Dataset excerpts:
##############################

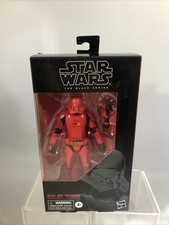 Star Wars The Black Series Sith Jet Trooper Action Figure Sealed W Case  ML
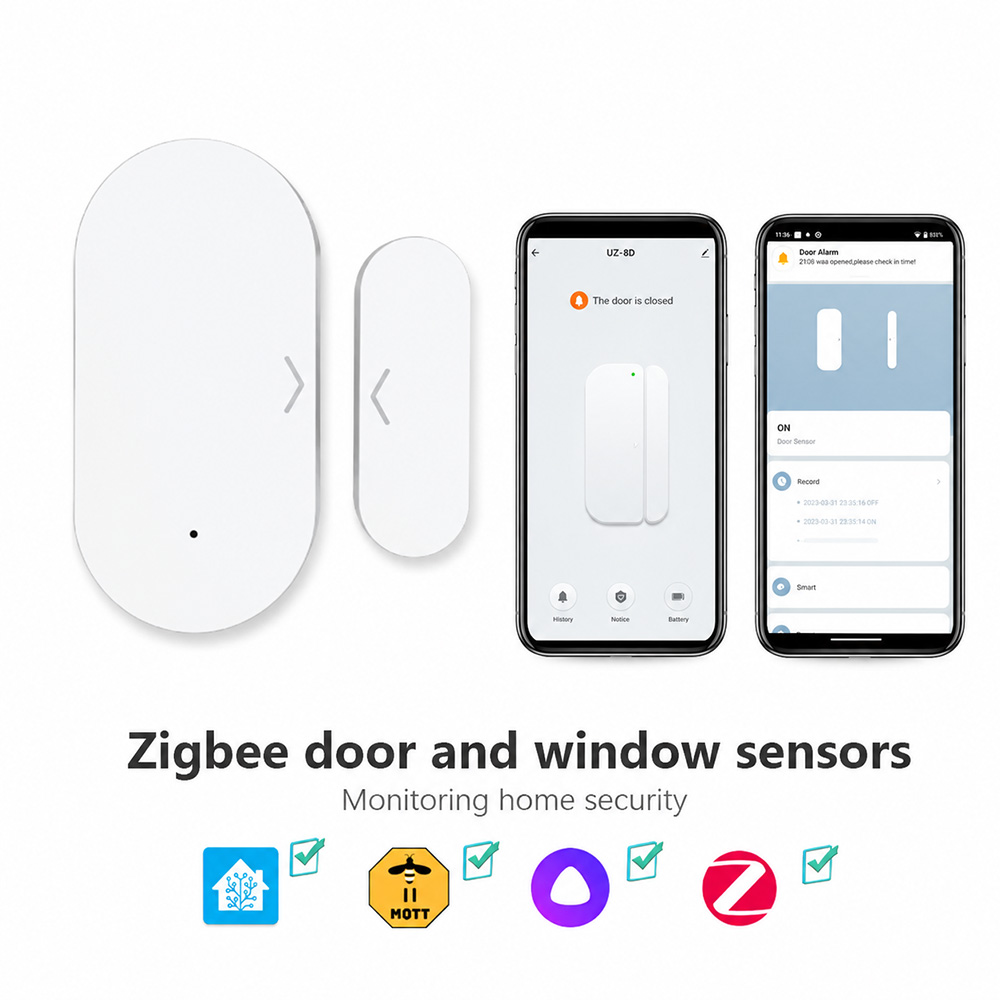 Smart Home Zigbee 3.0 - Zigbee 3.0 Door Window Sensor Magnetic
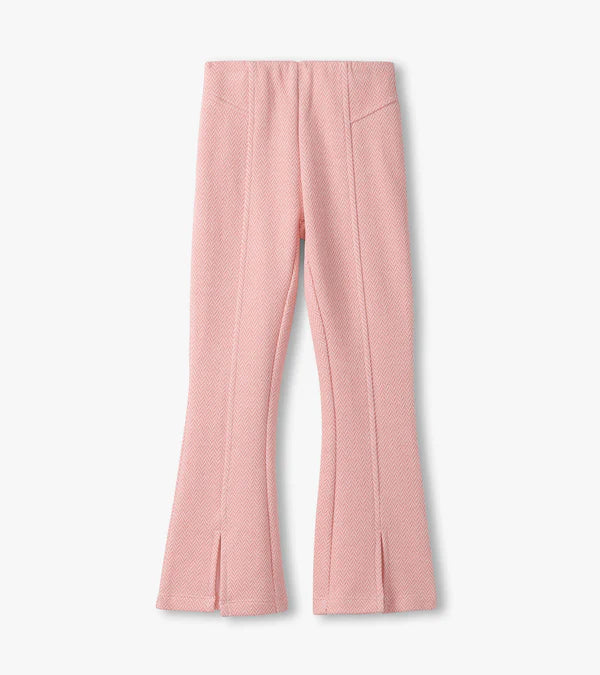 Herringbone Bell Bottoms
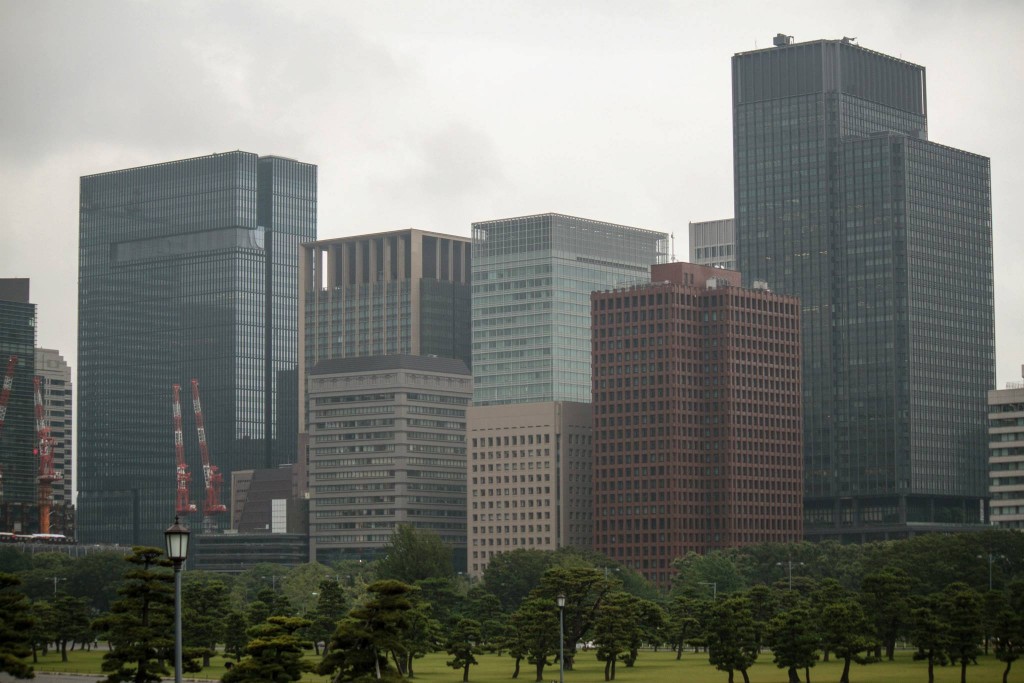 A small view of the Chiyoda-Ku district where the famous Tokyo Station is. Photo: Devin Takahashi/Kapi'o.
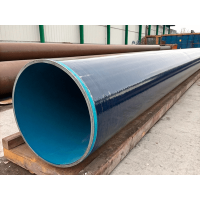 Труба стальная электросварная с внутренним эпоксидным покрытием 1020x20 мм Ст3сп ГОСТ 31445-2012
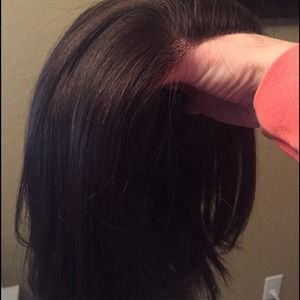 100% Human Hair Lace front wig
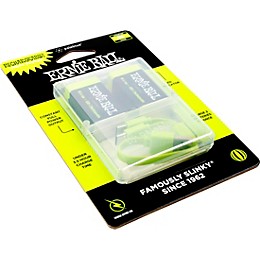 Ernie Ball USB-C Rechargeable Battery 9V (2-Pack)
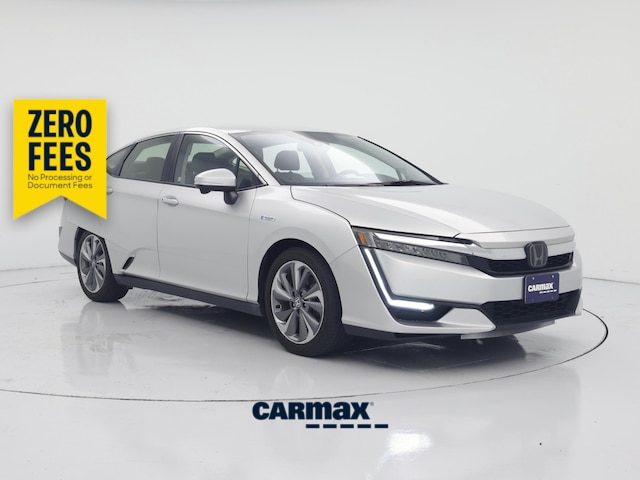 Silver 2018 Honda Clarity Hybrid Plug-In Sedan Front-Wheel Drive Automatic
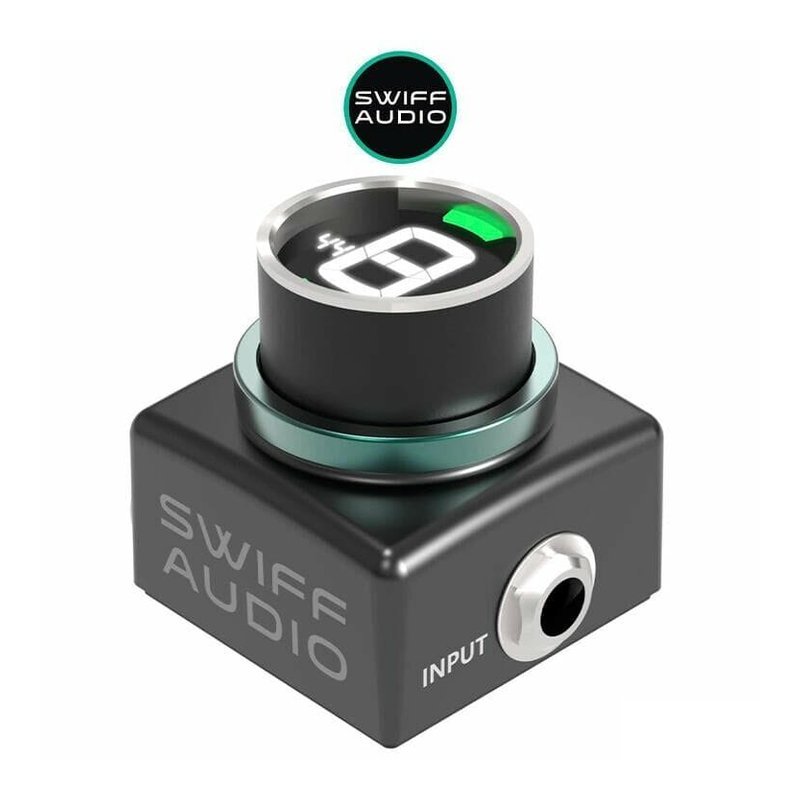 SWIFF SWIFF AUDIO C20 Mini Pedal Tuner è¿·ä½ 地板式 調音器 — 三峽效果器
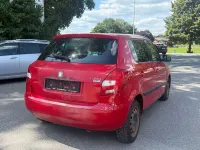Gebraucht Skoda Fabia Ambiente 69 PS (50 kW) 2008 Corridarot Kleinwagen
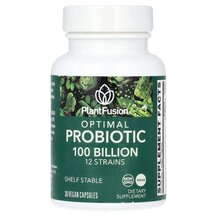 Пробіотики Optimal Probiotic 100 Billion CFU PlantFusion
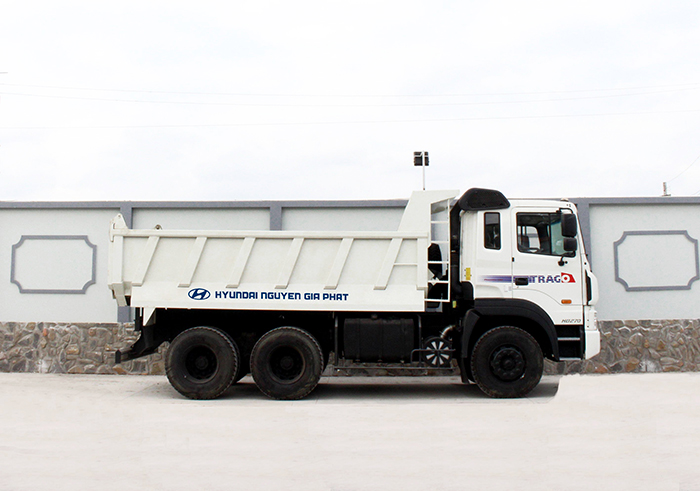 Xe Ben Hyundai HD270 
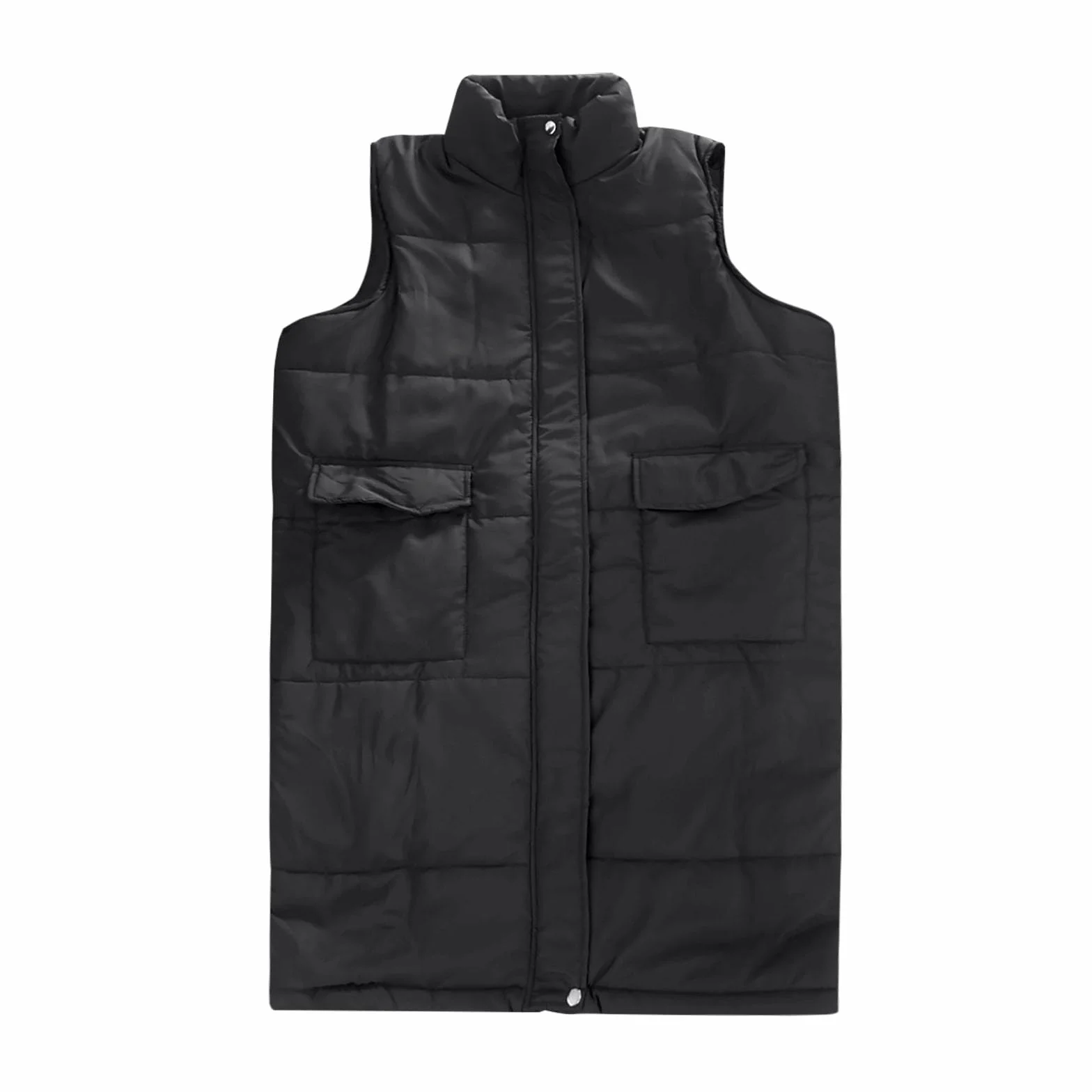 Doudoune sans Manches Femme Capuche, Veste sans Manches Femme Doudoune Grande Taille Veste Hiver Chic Chaud Ample Manteau Gilets en Duvet Parka Outdoor Veste sans Manche Gilet Vêtements en Coton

##############################

Task brief: Quote every entry exactly, with the pictures omitted.

Task response:
 Star Wars The Black Series Sith Jet Trooper Action Figure Sealed W Case  ML
 Smart Home Zigbee 3.0 - Zigbee 3.0 Door Window Sensor Magnetic
 Herringbone Bell Bottoms
 A small view of the Chiyoda-Ku district where the famous Tokyo Station is. Photo: Devin Takahashi/Kapi'o.
 Труба стальная электросварная с внутренним эпоксидным покрытием 1020x20 мм Ст3сп ГОСТ 31445-2012
 100% Human Hair Lace front wig
 Ernie Ball USB-C Rechargeable Battery 9V (2-Pack)
 Silver 2018 Honda Clarity Hybrid Plug-In Sedan Front-Wheel Drive Automatic
 SWIFF SWIFF AUDIO C20 Mini Pedal Tuner è¿·ä½ 地板式 調音器 — 三峽效果器
Gebraucht Skoda Fabia Ambiente 69 PS (50 kW) 2008 Corridarot Kleinwagen
 Пробіотики Optimal Probiotic 100 Billion CFU PlantFusion
 Xe Ben Hyundai HD270 
 Doudoune sans Manches Femme Capuche, Veste sans Manches Femme Doudoune Grande Taille Veste Hiver Chic Chaud Ample Manteau Gilets en Duvet Parka Outdoor Veste sans Manche Gilet Vêtements en Coton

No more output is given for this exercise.